In Ephesians 6:10-18, Paul writes:
Put on the full armor of God so that you can take your stand against the devil's schemes. For our struggle is not against flesh and blood, but against the rulers, against the authorities, against the powers of this dark world and against the spiritual forces of evil in the heavenly realms. Therefore put on the full armor of God, so that when the day of evil comes, you may be able to stand your ground, and after you have done everything, to stand. Stand firm then, with the belt of truth buckled around your waist, with the breastplate of righteousness in place, and with your feet fitted with the readiness that comes from the gospel of peace. In addition to all this, take up the shield of faith, with which you can extinguish all the flaming arrows of the evil one. Take the helmet of salvation and the sword of the Spirit, which is the word of God. And pray in the Spirit on all occasions with all kinds of prayers and requests.
As I spend time in the Word, I find it strengthens me for the difficult times. I learn more of Jesus' nature as I drink from the living water of scripture. I am better able to live the servant leadership to which he calls me. Time in meditation allows me to better grasp the lessons God wants me to learn from the difficult times.
I've learned to pray for people in the situations that are tormenting me at the moment. Often the still, small voice leads me to act in ways I would not have been able to do on my own. Fasting provides clarity of thought that I’ve rarely experienced otherwise. Focusing on the suffering Jesus experienced, although blameless, helps me see that any unfair suffering I encounter is insignificant in comparison.

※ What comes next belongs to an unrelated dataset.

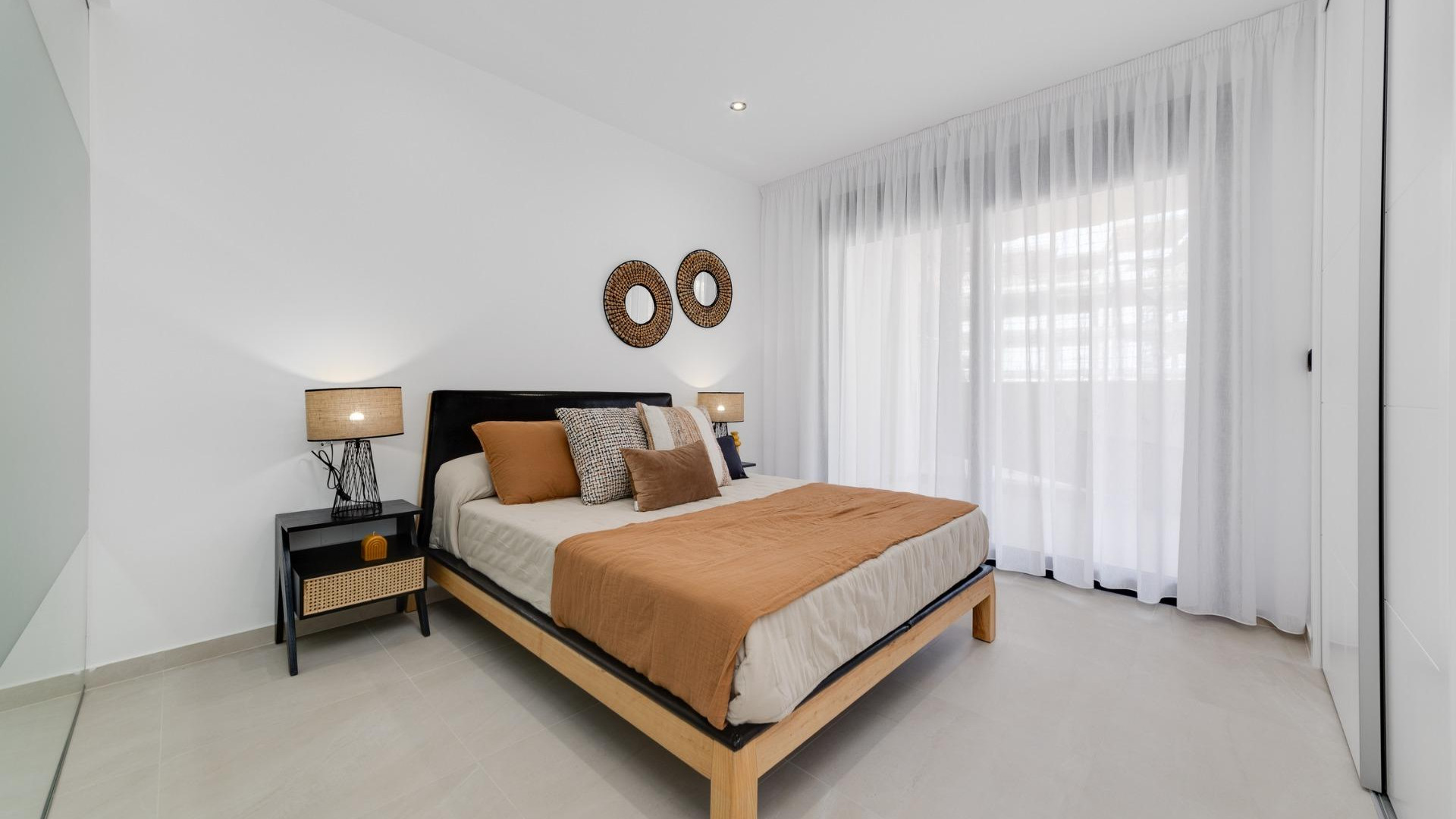 Nieuwbouw - Apartment - Los Alcazares - Euro Roda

All in all, practicing the spiritual disciplines gives us the energy, persistence and perseverance to endure the difficult times, the storms of our lives. Through tests and trials, our faith is strengthened. God promises us He will accompany us. He gives us strength to survive anything that comes our way.

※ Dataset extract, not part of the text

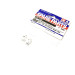 Pignons moteur 18/19T 0,6 - 1/10 - TAMIYA 50355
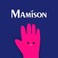 Mamison Co. Mamison Quality Kitchen Rubber Gloves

However, we cannot hear or believe these promises if we don't spend time listening to His word and the still, small voice of His Spirit that comes when we make time for quiet reflection, meditation and prayer. So, put on the armor of God, and it will prepare you and give you courage for any difficulties you may face.
TAKE A MOMENT How do you best hear the voice of God? Do you spend time in meditation, listening for the still, small voice? Time in other forms of prayer? Reading the scriptures? Serving the poor?

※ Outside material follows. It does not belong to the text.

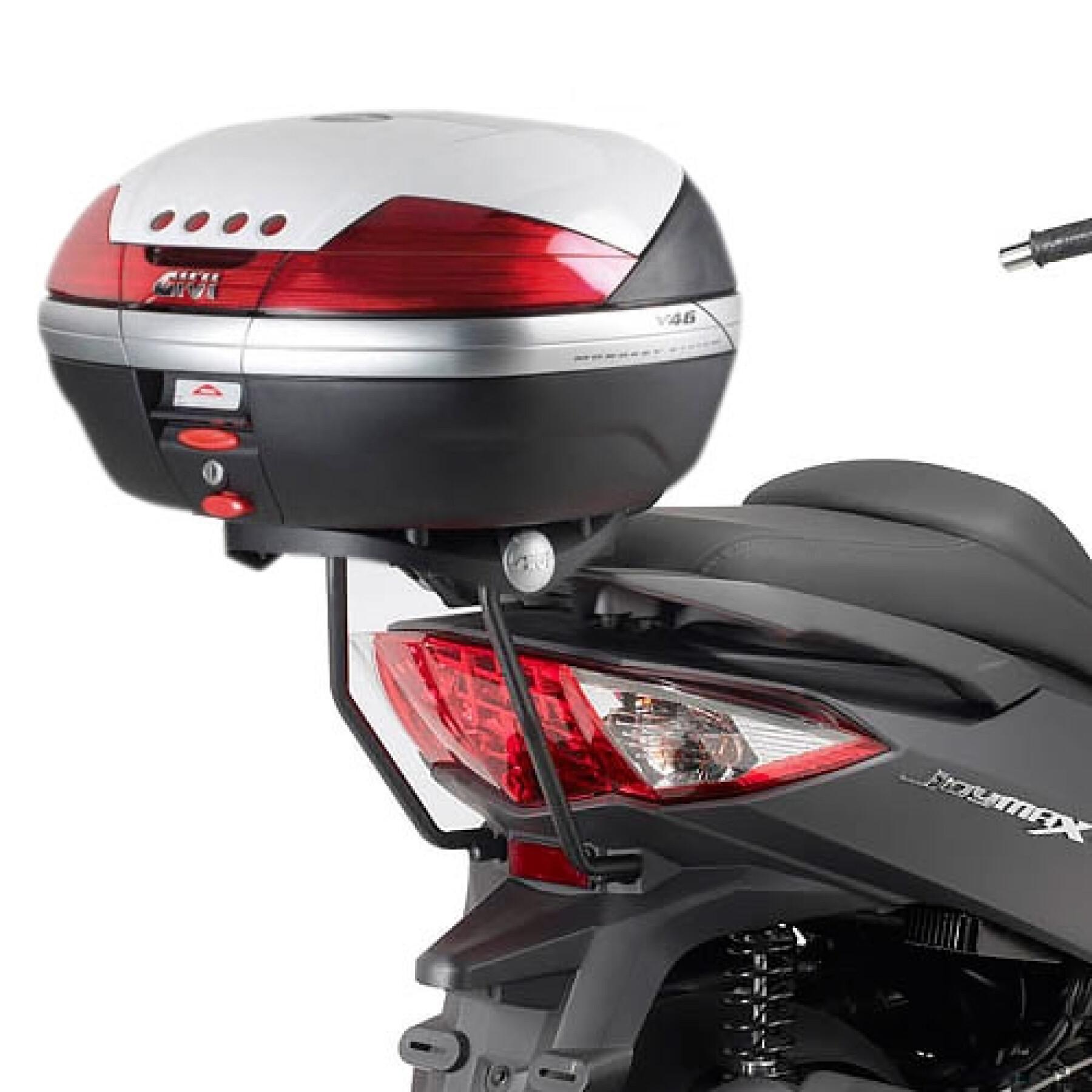 Support top case scooter Givi Monokey Sym Joymax 300I (12 à 19)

Unfortunately, when I started my change effort, I was not steeped in these disciplines. I had never been challenged to embrace discipleship, so I was working from my own strength. In later years, I could look back and see my errors. I had failed at the starting line.
A year after the great conflict, I was at a conference with Bill Easum, one of the best-known church consultants in denominational circles. I heard him spend half a day explaining how churches move through transformation. At lunch, I came up to him and asked, “I’ve been trying to bring transformation, but all I did was bring conflict. I think I started in the wrong place. Where does this start?”
Bill replied, “Transformation always starts with spiritual leadership. Without spiritual leaders at the helm, the effort will ultimately fail.” I remember thinking, “I wish I knew that a year ago.” As I look back, I see tremendous pain in the wake of my early efforts to bring change to church. At the root of much of that pain was my own need to be important and do something significant with God’s will for the church. But that revelation didn’t come until much later.
What have you done to make spiritual leadership an expectation of those in formal leadership at your church? Do you have a process to make sure spiritual leaders are drawn into your formal leadership circle?